J’ai pris la radio serbe à sept heures. Elle diffusait une manifestation qui avait lieu à Belgrade. Comme je regrettais de ne pas comprendre. Mais j’entendais l’histoire se faire. C’était une sorte de délire, des chants mêlés à des cris : Pe-tar-Dru-gy… J’ai discerné quelques mots encore, Hitler, Albania, et parfois, dans les accalmies, le bruit ridicule de trompes d’automobiles dans les rues embouteillées. Cela a duré deux heures.
Ce matin les journaux sont aussi vides que d’ordinaire, et nous recommençons d’attendre.

Paul Claudel, Lyon

Voyage à Lyon. Conférence à la Salle Molière sur Fr. Jammes avec un grand succès bien qu’enroué. Déjeuné avec Massigli et Pierre Brisson. En rentrant à ma chambre de l’Hotel Terminus je me trouve face à face aec Marion et Pierre ! Le lendemain déjeuné chez Henri Rambaud. Quintette d’un nommé Charvériat sur mon poème à Jacques Rivière. Le soir Francis que j’envoie à Vichy (Elle obtient ce qu’elle voulait). Retour à Brangues avec Gérard André. Le 30 retour de Gigette et arrivée de Pierre. Mauvais temps. Le Dr Carrel pour la collaboration. (Donne-moi ta montre et je te donnerai l’heure !)

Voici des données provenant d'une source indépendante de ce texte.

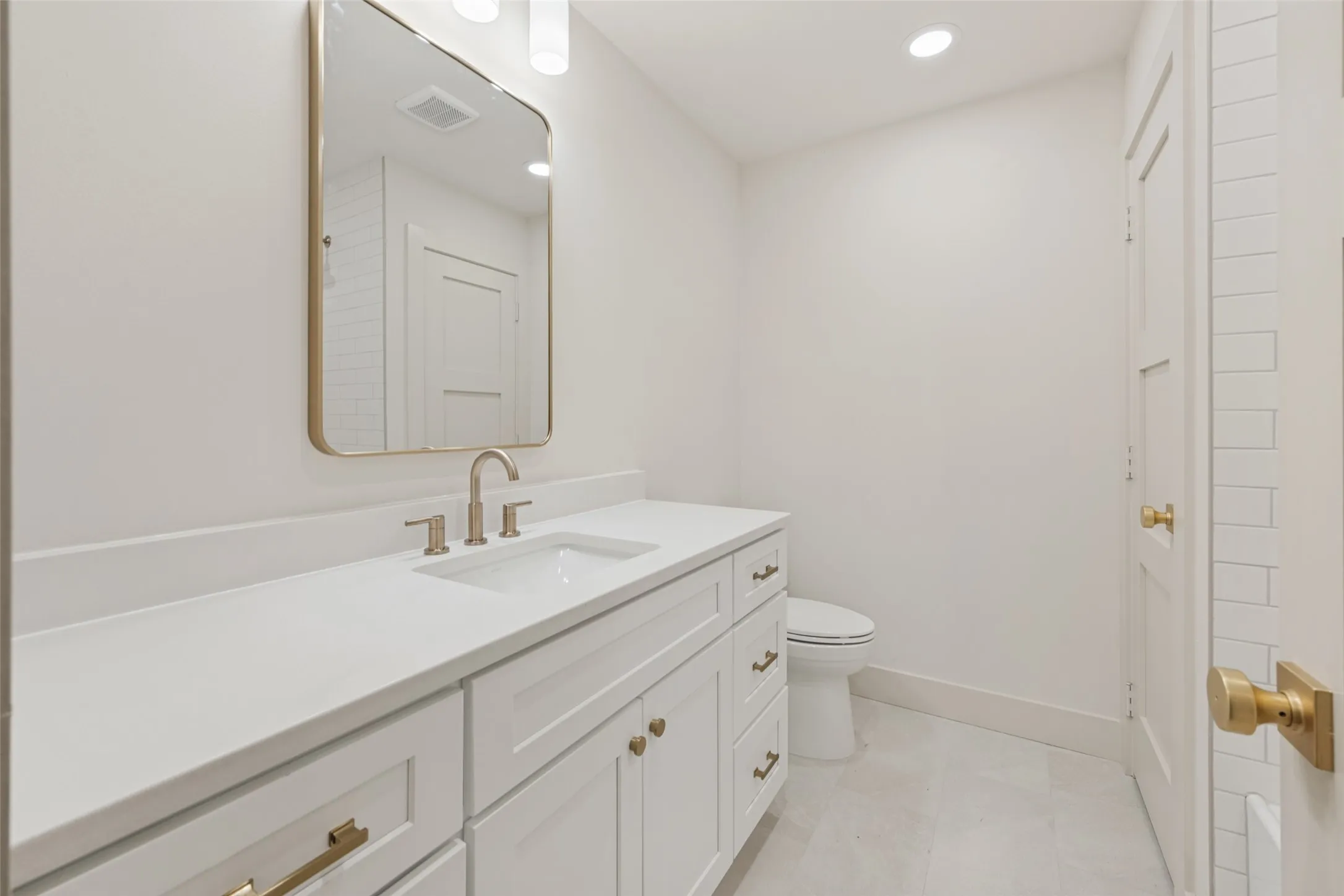 Single Family Residence For Sale in Tarrant County , 4000 Tamworth Road, Fort Worth, Texas 76116, 4 Bedroom, 5 Bathroom, 3 Garage spaces, 3,836 Sqft, built in 2026, mls#21356806, Real Estate Agent in Fort Worth, Homes For Sale in Tarrant county, Homes For Sale in Fort Worth, Realtor in Fort Worth Texas, Real Estate Brokerage Independent Realty Texas, Luminita Cordes Realtor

Le Diable lèche ses victimes avant de les dévorer.

Roger Martin du Gard

Ai-je jamais noté ce rêve qui aura, quarante ans de suite, poursuivi mon sommeil ? Toujours le même, avec de légères variantes : j’ai, dans quelques jours, un examen éliminatoire à passer à l’Ecole des chartes, et je me sais absolument incapable d’y réussir ; je n’ai pas suivi les cours, je n’ai pas ouvert mes livres, j’ignore tout d’un ensemble difficile de matières ardues… Quelle que soit ma tardive bonne volonté, il est littéralement impossible que je rattrape le semestre que j’ai gaspillé à faire autre chose que mes études, à lire, à écrire, à vadrouiller dans Paris, à voir des amis… L’échéance approche, je vais être refusé, chassé de l’Ecole, et je n’aperçois aucun moyen d’échapper à cette catastrophe !… Je me réveille, oppressé, angoissé… Et c’est une joie délirante, en reprenant conscience, de constater que c’était un cauchemar, que je suis un homme fait, délivré à jamais des examens scolaires !
Il n’y a pas d’année où je n’aie pas fait ce rêve de panique depuis quarante ans. Je l’ai fait cette nuit. C’est particulièrement à l’approche du printemps que ce cauchemar hante mes nuits. Comme si l’arrivée de la belle saison était pour moi indissolublement lié à cette épouvante de l’examen à subir. J’ai réellement subi cette épouvante annuelle entre ma dix-septième et ma vingt-cinquième année : elle a terriblement empoisonné chaque printemps de mon adolescence, et a laissé dans mon subconscient une empreinte indélébile !

Bertolt Brecht, Helsinki

Au milieu de tout le remue-ménage pour les visas et les possibilités de voyage, je travaille obstinément à la nouvelle histoire de gangster. Ne manque plus que la dernière scène. L’effet de la double distanciation – milieu de gangster et grand style – est difficile à prévoir. Egalement celui de l’exposition de formes classiques comme la scène dans le jardin de Marthe Schwertlein et la scène de demande en mariage du roi Richard III.

Les connaissances de Steff sur les collusions entre le monde des gangsters et l’administration font mon profit.